● Your goal
In the listing below, find the line containing "Skoda Superb 2.0 TDI Ambition - 13" and the line containing "Yellow Fleck Print", then copy exactly everything from the first through the second, except the pictures.
*** Opening Data ***
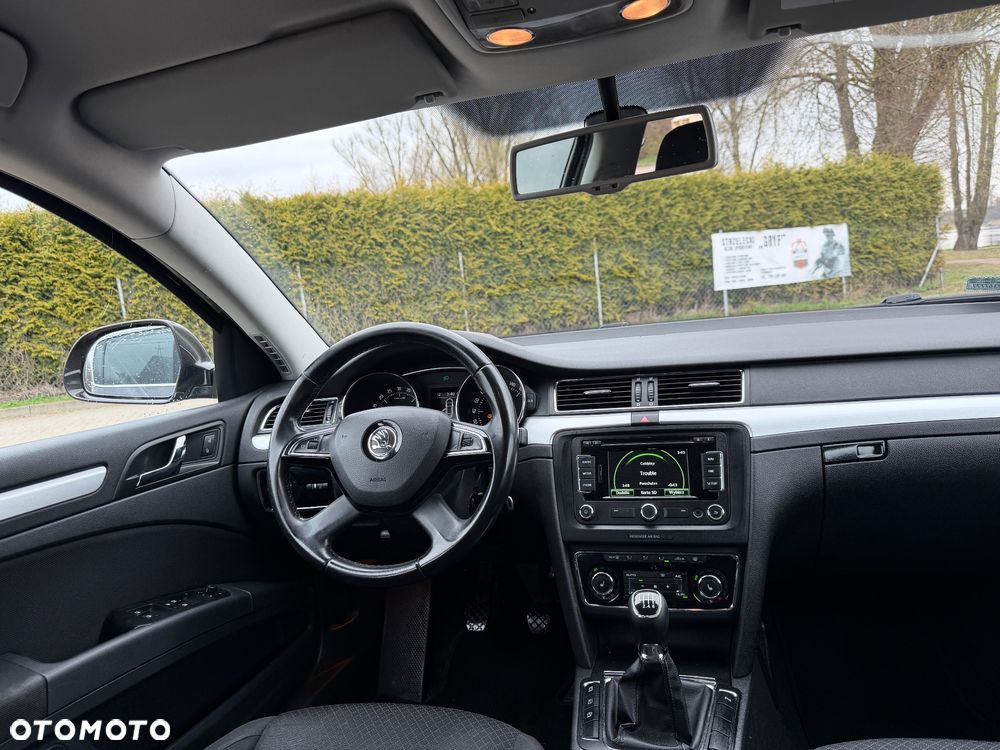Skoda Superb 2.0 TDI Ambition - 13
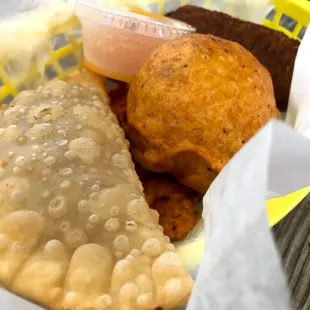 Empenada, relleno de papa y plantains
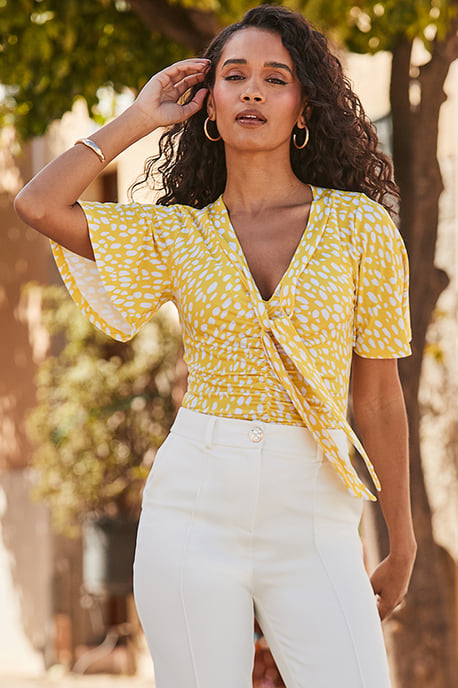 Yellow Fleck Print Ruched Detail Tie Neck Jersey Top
*** Closing Data ***
*** Opening Data ***
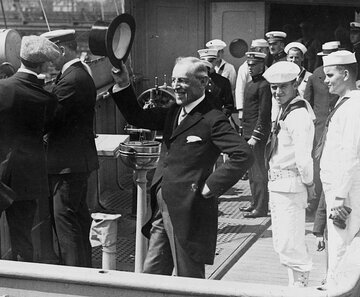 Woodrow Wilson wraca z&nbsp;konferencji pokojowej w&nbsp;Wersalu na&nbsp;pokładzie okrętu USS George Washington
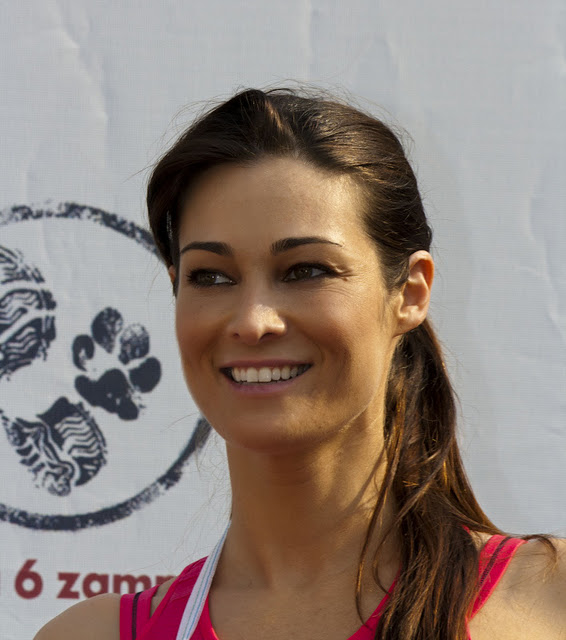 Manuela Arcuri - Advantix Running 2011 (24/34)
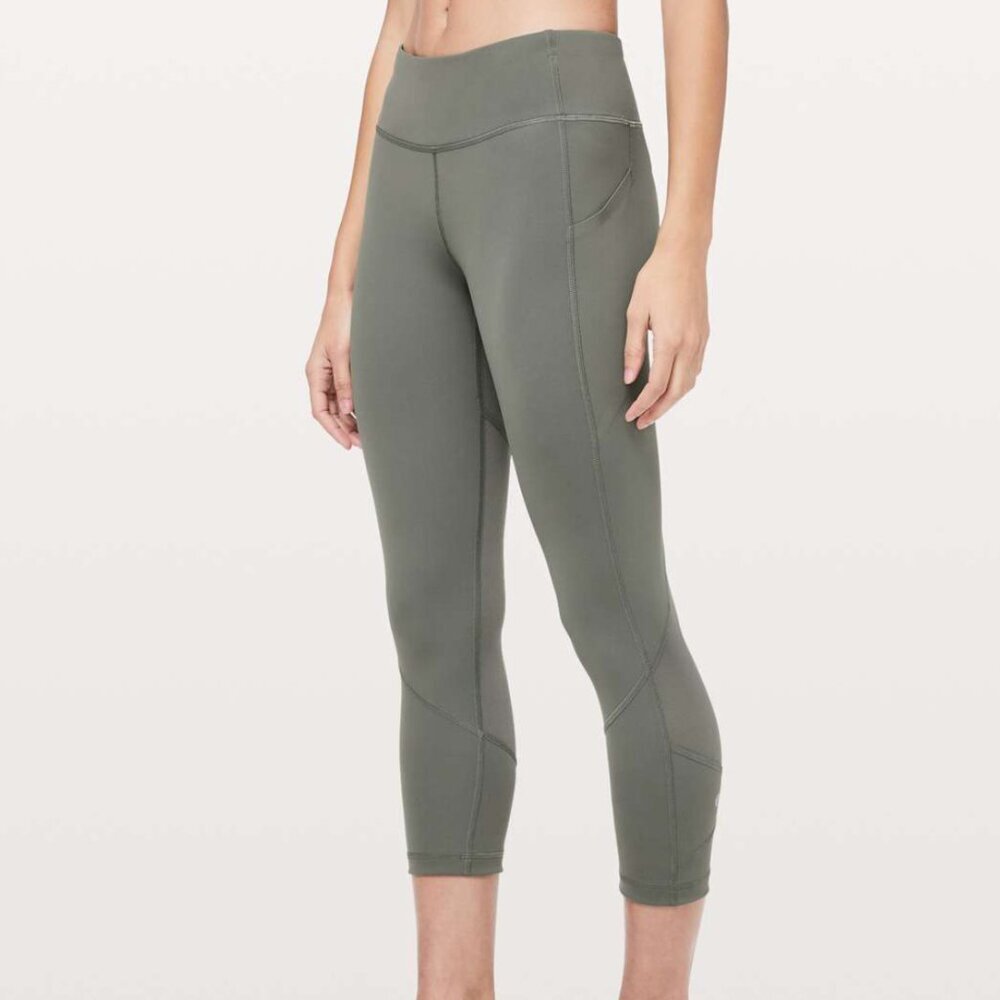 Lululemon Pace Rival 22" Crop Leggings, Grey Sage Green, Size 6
*** Closing Data ***
● Written response
Skoda Superb 2.0 TDI Ambition - 13
 Empenada, relleno de papa y plantains
 Yellow Fleck Print Ruched Detail Tie Neck Jersey Top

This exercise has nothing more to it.